Instructions for the task ▸ Copy every line below precisely as it appears.

Data segment ▸
━━━━

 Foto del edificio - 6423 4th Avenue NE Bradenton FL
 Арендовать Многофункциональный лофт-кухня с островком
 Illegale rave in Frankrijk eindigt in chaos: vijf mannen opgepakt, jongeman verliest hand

━━━━

Answer for the task ▸
 Foto del edificio - 6423 4th Avenue NE Bradenton FL
 Арендовать Многофункциональный лофт-кухня с островком
 Illegale rave in Frankrijk eindigt in chaos: vijf mannen opgepakt, jongeman verliest hand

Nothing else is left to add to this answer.